| DATA SHOWN |
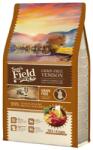 Sam's Field Sam' s Field Adult Grain Free Venison 2.5 kg (132728)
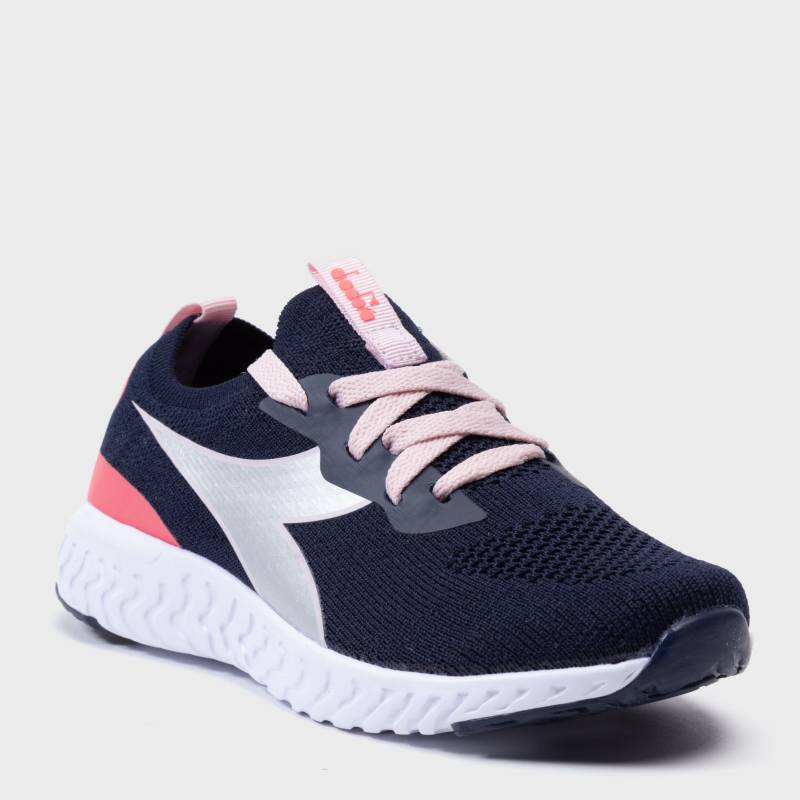 Zapatillas diadora shop mujer falabella niños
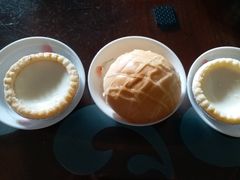 -新兴家喻酒家·羊城名宴(昌岗店)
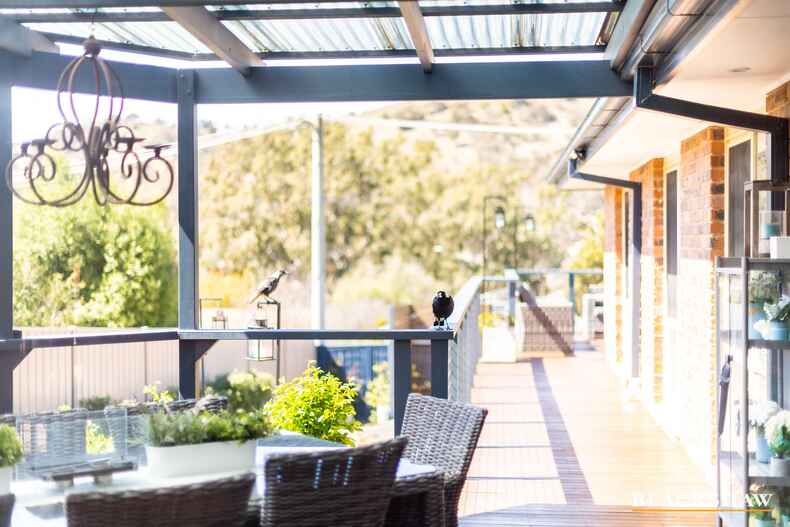 11 Weavers Crescent Theodore 11 Weavers Crescent Theodore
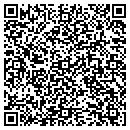 QR code with 3m Company contacts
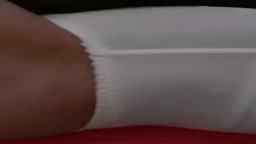 Panty slide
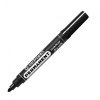 Centropen Permanentný popisovač 8510 čierny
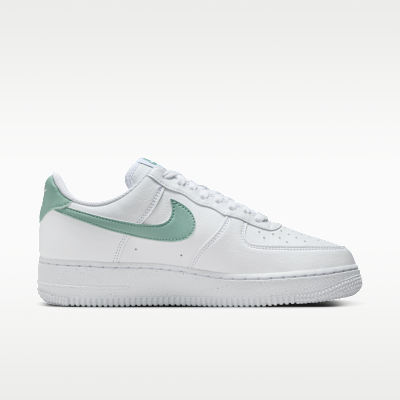 Nike Air Force 1 '07 Next Nature Women's Shoes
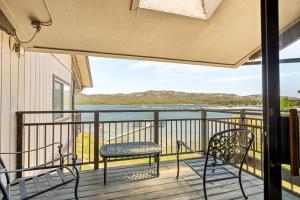 Φυσικό τοπίο κοντά σε αυτή η παραθεριστική κατοικία +30 φωτογραφίες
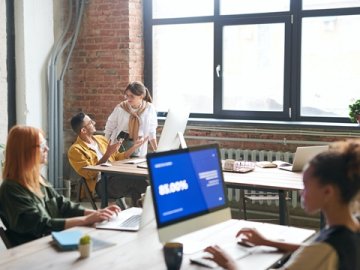 亞馬遜波蘭VAT稅號適用范圍有哪些？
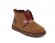 Kids Neumel WP Chocolate
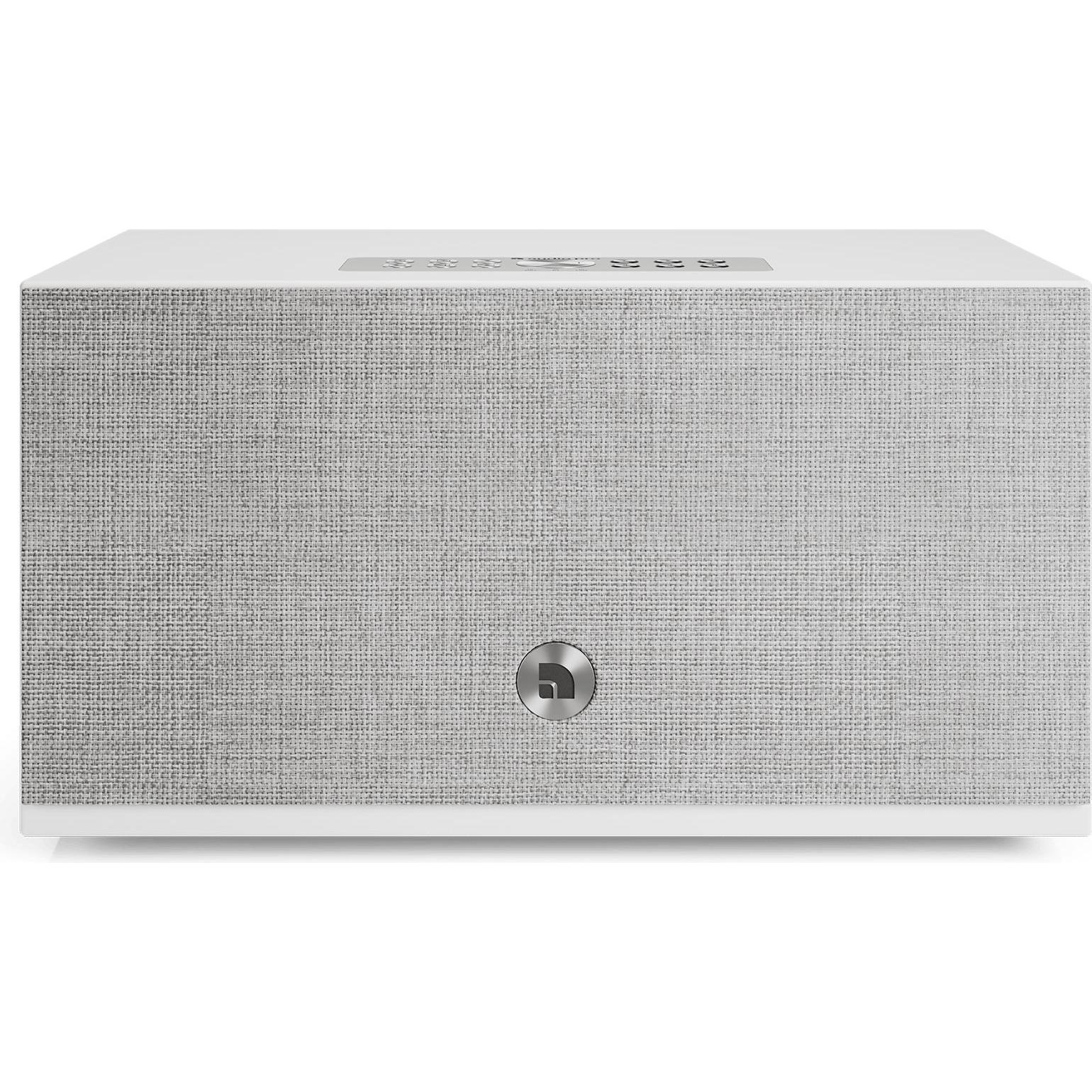 Audio Pro C10 MkII W (WLAN, Chromecast, Bluetooth, Airplay 2) (15301)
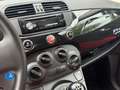 Fiat 500 Pop°Bluetooth° Schwarz - thumbnail 10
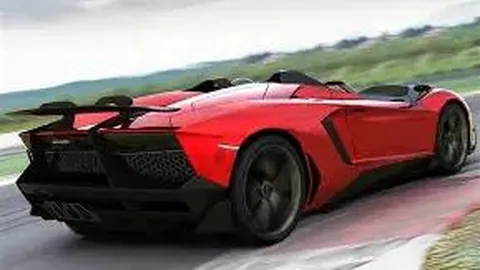 乐玩体育平台入口 产品 093652 9wz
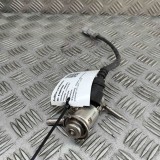 Injector AdBlue RENAULT MASTER III Minibus / passenger JV 2016 OEM: A2C15889300,208997976R 30807022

| ABOUT THIS EXERCISE |
Above are some records. Reproduce the lines from the one with "Zapatillas diadora shop" down to the one with "Nike Air Force", keeping both, and leave every picture out.

| ANSWER SPACE |
 Zapatillas diadora shop mujer falabella niños
 -新兴家喻酒家·羊城名宴(昌岗店)
 11 Weavers Crescent Theodore 11 Weavers Crescent Theodore
 QR code with 3m Company contacts
 Panty slide
 Centropen Permanentný popisovač 8510 čierny
 Nike Air Force 1 '07 Next Nature Women's Shoes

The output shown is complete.